From Rocky Mountain PBS INews (Jim Trotter):

The so-called Snotel readings, which measure the moisture content of snowpack, are a product of the Natural Resources Conservation Service in the U.S. Department of Agriculture. They started in the late 1970s, and now have 885 reading sites Westwide. The percent of average is based on the last 30 years.

In Colorado, the lowest readings are in the southwest quadrant of the state, at 54 percent of average. The highest reading is at 88 percent of average on the South Platte basin side of the northern and central Rockies.

Particularly along the ranges in the Pacific Coast states, the readings are disastrous, of course, for summer water supplies to both urban areas and agriculture, and set up the potential for another brutal fire season.

And it’s not inappropriate for us to feel a little apprehension, as we wait for what April will bring.

From The Aspen Times (Scott Condon):

Colorado’s overall snowpack is the third worst in 30 years for this time in April, according to the Natural Resources Conservation Service.

The snowpack is down to 69 percent of normal. It fell from 87 percent of normal one month ago, the federal agency said.

In addition to the dry conditions, spring temperatures are higher than normal, so the snowpack is disappearing earlier than usual, according to the conservation service…

The snowpack disappeared rapidly throughout the Roaring Fork River basin after a series of storms dumped about six feet of snowfall on slopes in two weeks during late February and early March. The snowpack in the headwaters of the Roaring Fork River is 89 percent of average. In the Fryingpan Valley, the snowpack completely melted at Nast Lake, which is at 8,700 feet in elevation, according to the conservation service. The snowpack is still at 93 percent at Ivanhoe Reservoir, which is at 10,400 feet in elevation.

The snowpack is only 64 percent of normal at Schofield Pass at the headwaters of the Crystal River. It’s at 44 percent at the North Lost Trail snowpack measurement site near Marble.

March came in like a lion but ended like a lamb for Aspen Skiing Co. ski areas. Snowmass received 54 inches of snow during the month, about 90 percent of average, according to company spokesman Jeff Hanle. Aspen Mountain received 41 inches or 77 percent. Aspen Highlands received 44 inches or 80 percent.
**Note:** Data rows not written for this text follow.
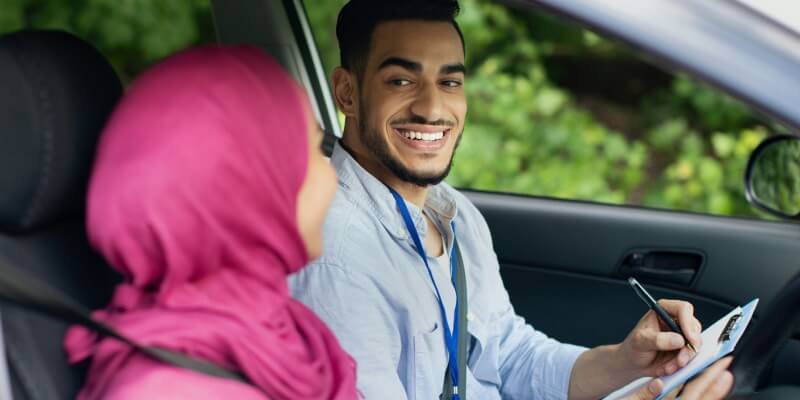 Examiner and girl smiling at each other inside car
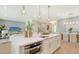 Modern kitchen with island and stainless steel appliances at 2492 S Milmar Dr, Sarasota, FL 34237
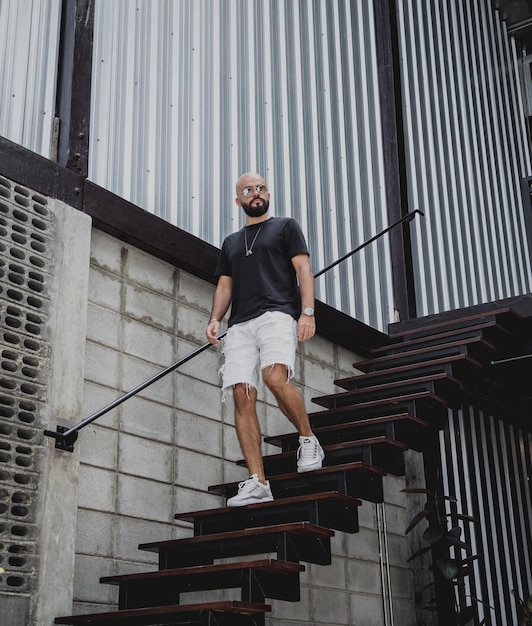 A young man in tshirt and shorts on the stairs at city streets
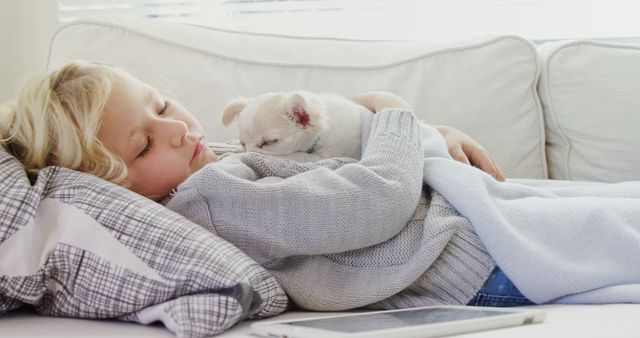 Blonde child resting on couch with white puppy on chest, displaying cozy, serene moment indoors. Ideal for themes of childhood, relaxation, bonding with pets, home comfort, and peaceful living. Useful for advertising family-friendly products, pet-related items, or home furnishings.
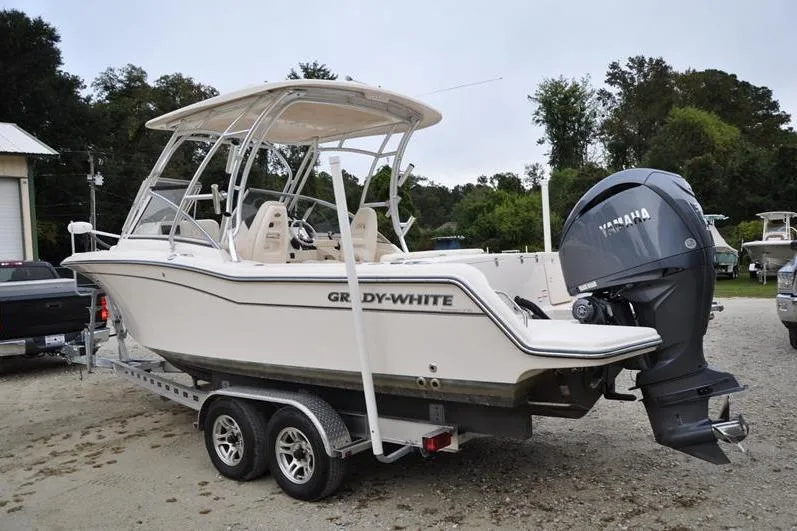 Slide: The Image of 2022 Grady-White Freedom 235 boat on trailer with Yamaha outboard motor. - 3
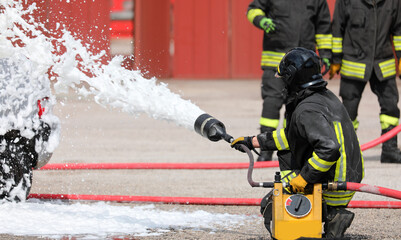 firefighters use a jet of foam to put out the fire after the car accident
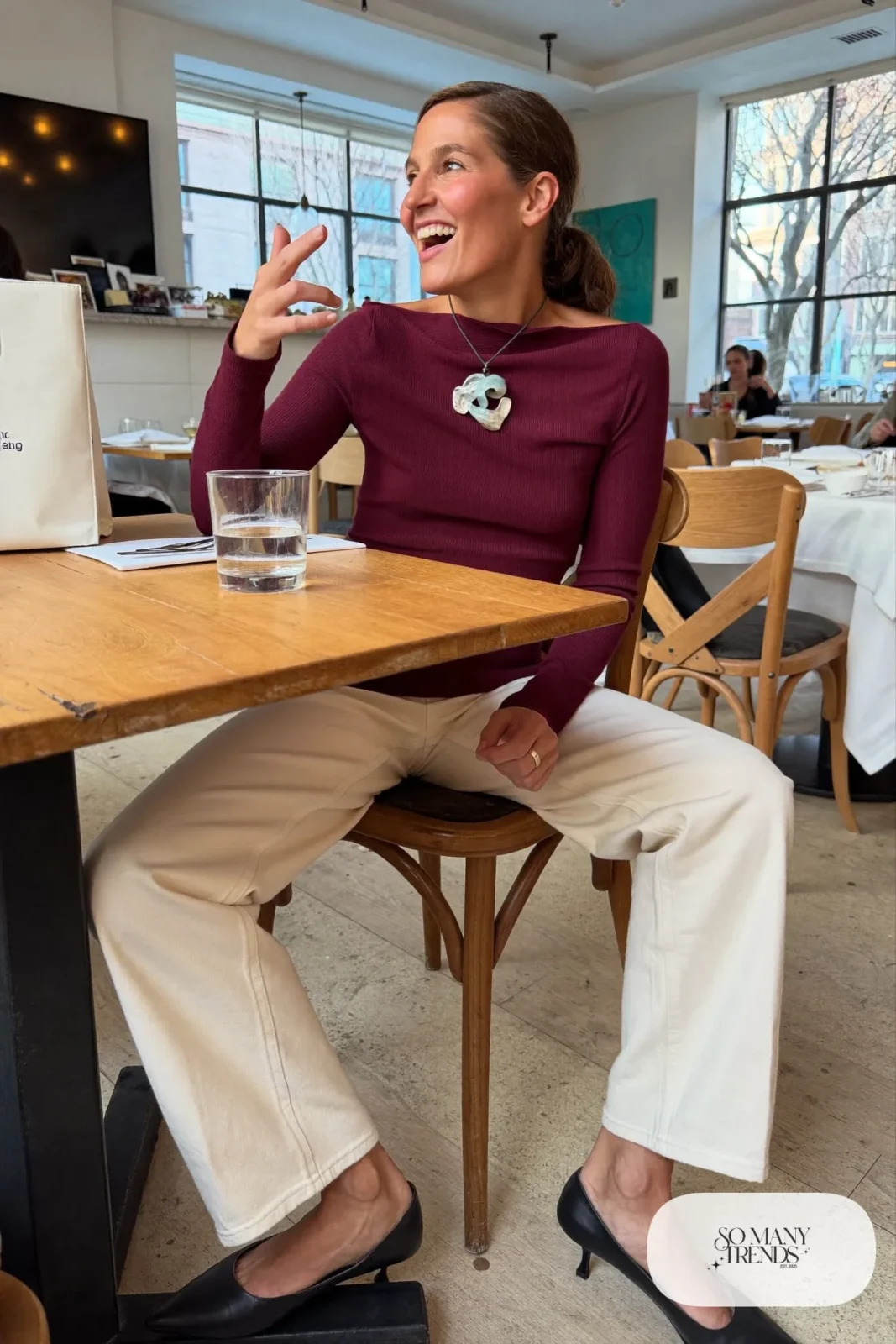 Woman in a wine boat neck sweater with a large pendant necklace, cream straight pants and pointed flats, outfit 2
Buttermilk collected 25 inches or 50 percent of average, Hanle said.

From CBS Denver:

“We’re the headwater state to 18 downstream states and the country of Mexico, so when we do anything on water issues everybody notices,” James Eklund with the Colorado Water Conservation Board said.
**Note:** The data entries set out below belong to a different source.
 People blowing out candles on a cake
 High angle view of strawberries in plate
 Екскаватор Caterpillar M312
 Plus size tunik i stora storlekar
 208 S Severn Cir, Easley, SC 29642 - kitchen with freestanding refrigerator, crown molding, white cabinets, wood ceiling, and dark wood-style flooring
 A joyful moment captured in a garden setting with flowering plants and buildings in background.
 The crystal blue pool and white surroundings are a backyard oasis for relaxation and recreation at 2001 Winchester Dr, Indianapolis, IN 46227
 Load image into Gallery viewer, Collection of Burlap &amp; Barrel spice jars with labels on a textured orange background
Colorado snowpack is currently only 65 percent of average, but where that water is heading is a different story.

Right now the Colorado reservoirs are 108 percent of average.

“We’re actually better this year storage-wise than we were last year,” Eklund said.
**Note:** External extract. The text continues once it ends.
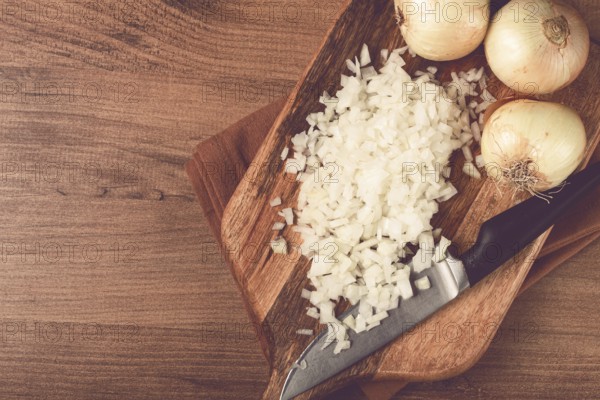 Finely chopped onion on a chopping board with a knife, wooden table, top view, no people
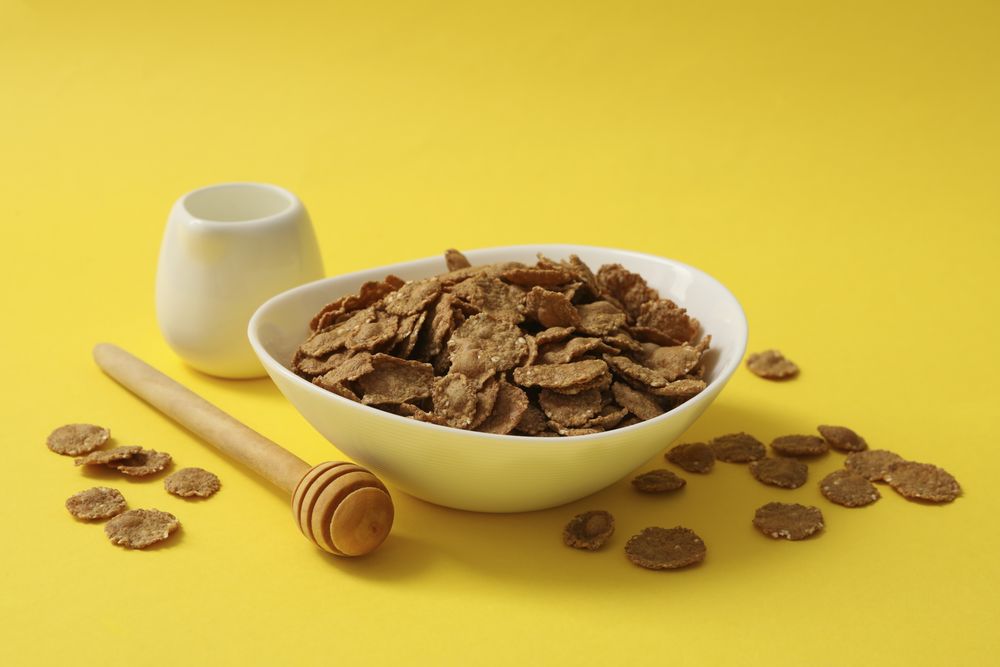 Dipper and bowl of muesli on yellow background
“We need to really be cautious, we live in a dry state, you never know what the next year or even the summer will bring, so it’s just smart to use water efficiently,” Stacy Chesney with Denver Water said.

Denver Water services nearly 25 percent of the state’s population, but only uses 2 percent of the water. This year its resources are in the wettest parts of the state.

“Denver Water supply is actually in pretty good shape at this point, and that’s thanks to normal snowpack in our collection area, as well as reservoir levels that are higher than average, and really efficient water use by our customers,” Chesney said.

“If California has another year like they have this year, then we need to have that plan stood up and ready to go,” Eklund said. “So time is of the essence.”

State officials say they’re learning quite a bit from California. The state is in the works of finalizing the Colorado water plan so in case of a dangerously dry year water officials will know what to do.